----- Exercise material -----
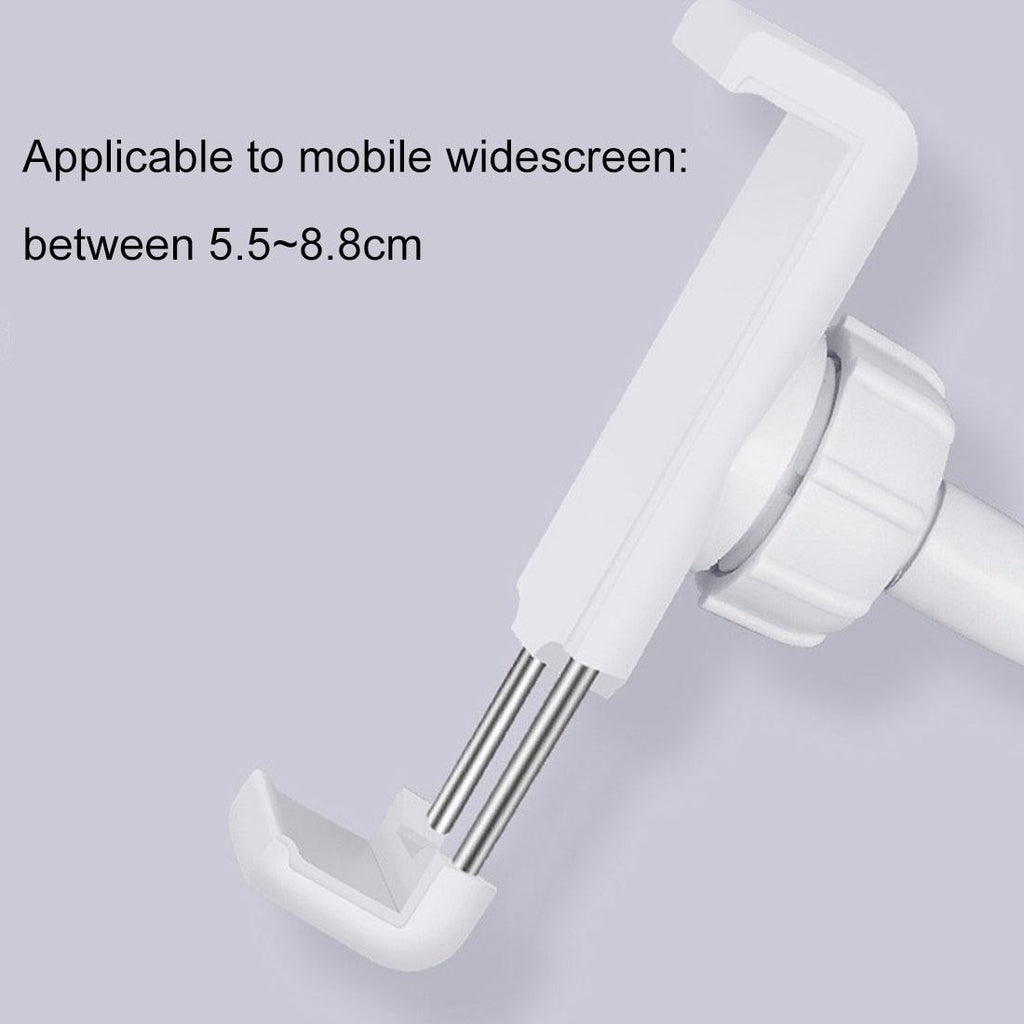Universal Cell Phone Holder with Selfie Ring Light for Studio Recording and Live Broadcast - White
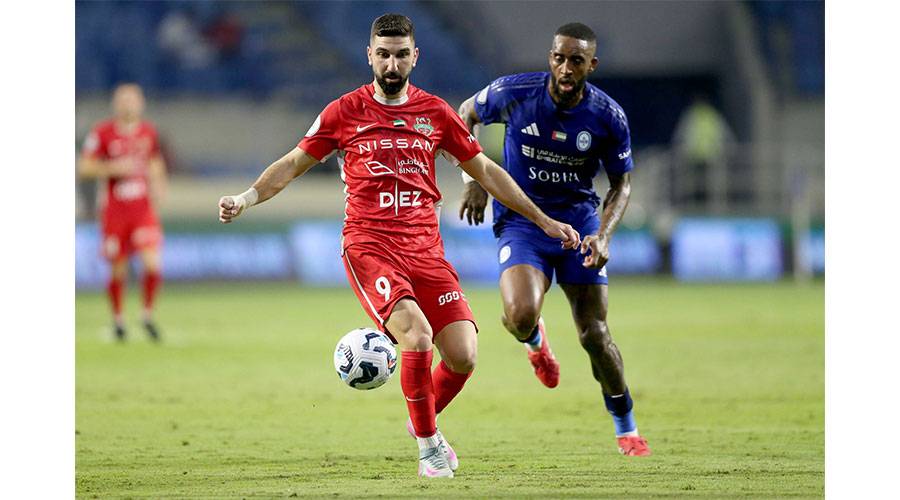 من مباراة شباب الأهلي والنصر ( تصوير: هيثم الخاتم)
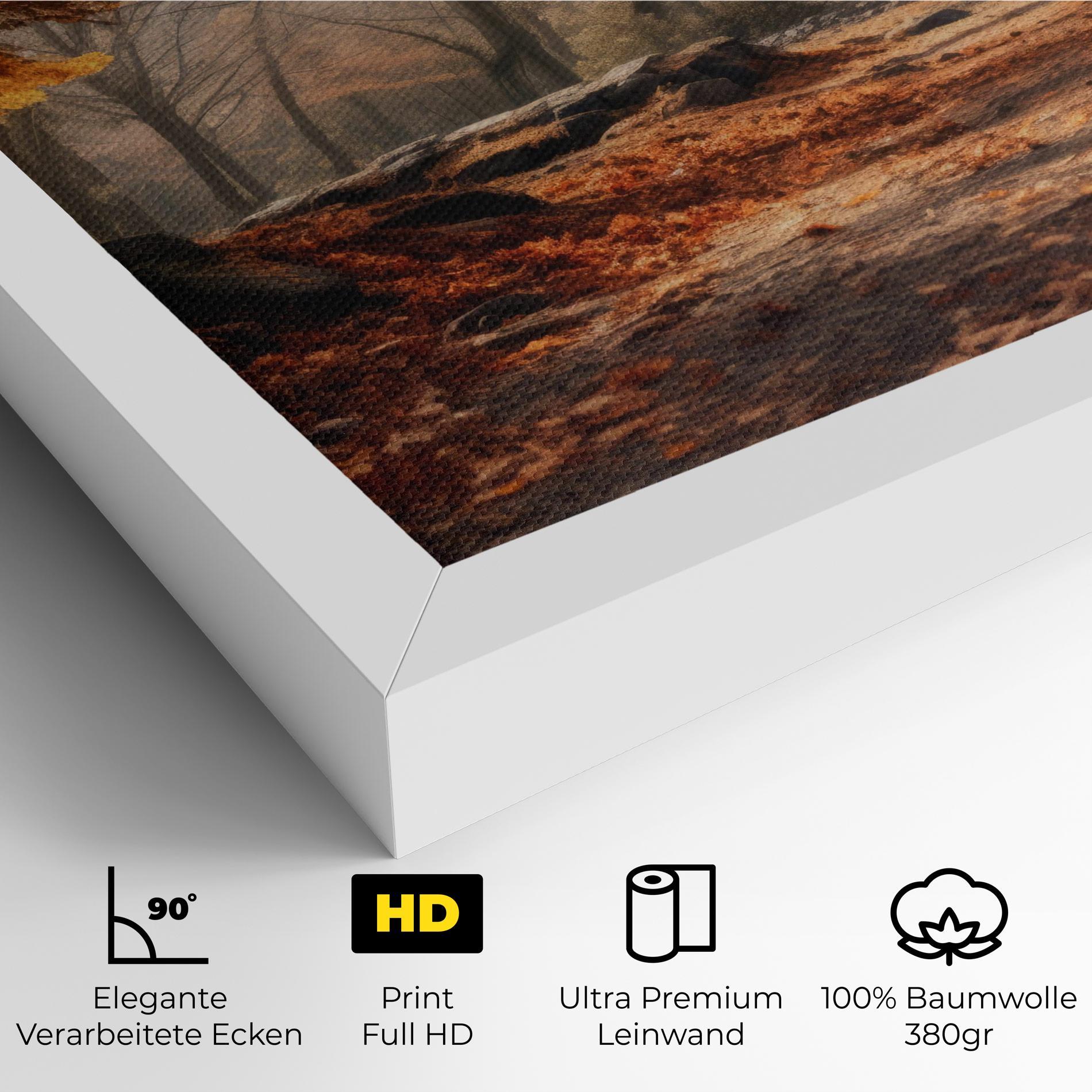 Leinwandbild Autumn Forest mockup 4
-----
----- Exercise material -----
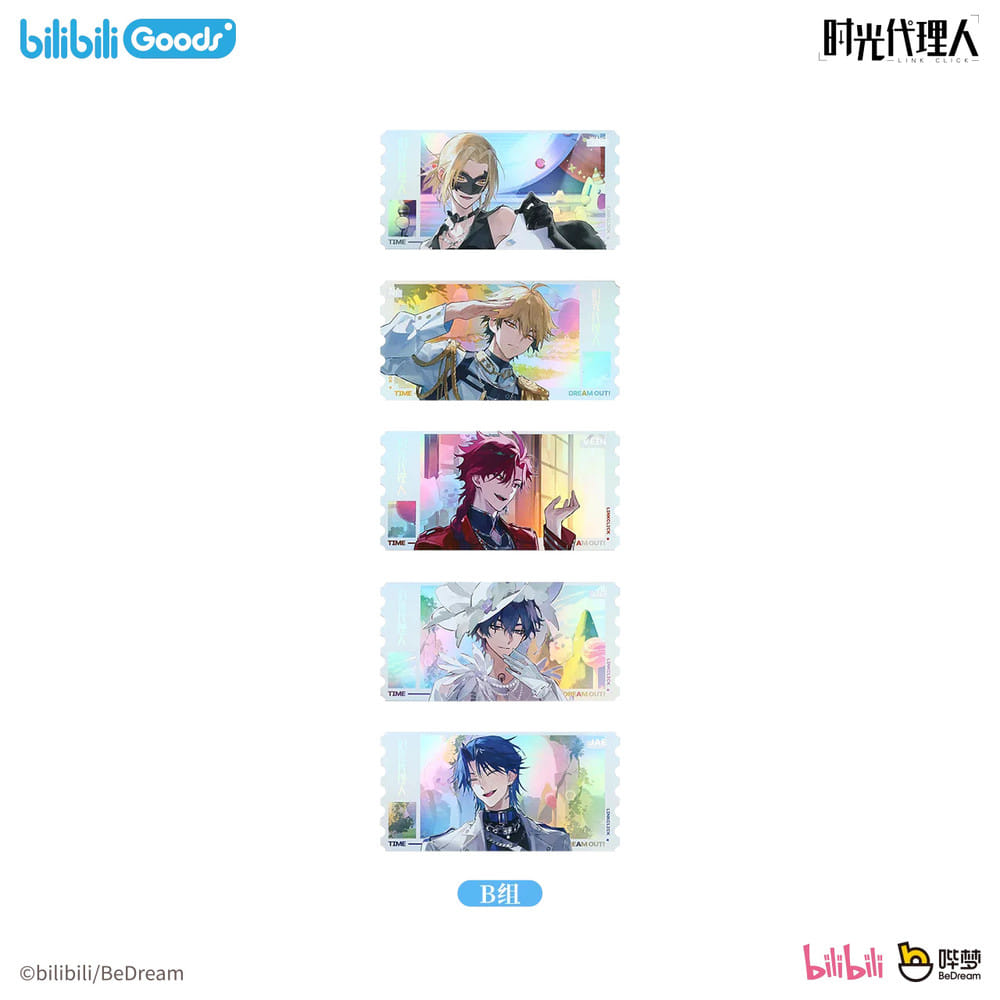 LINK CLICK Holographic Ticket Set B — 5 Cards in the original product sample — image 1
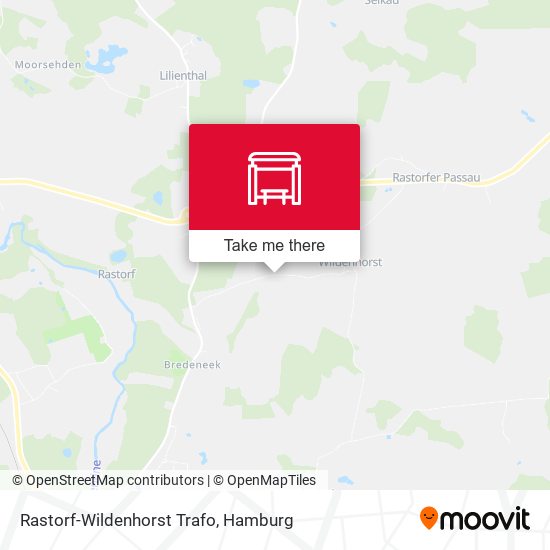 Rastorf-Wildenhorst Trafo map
-----
[Directions for this task] When copying from the data above, print only the lines from the line containing "Universal Cell Phone" to the line containing "Leinwandbild Autumn Forest mockup 4", exactly, and leave the pictures out.

[Answer to this problem]
Universal Cell Phone Holder with Selfie Ring Light for Studio Recording and Live Broadcast - White
 من مباراة شباب الأهلي والنصر ( تصوير: هيثم الخاتم)
 Leinwandbild Autumn Forest mockup 4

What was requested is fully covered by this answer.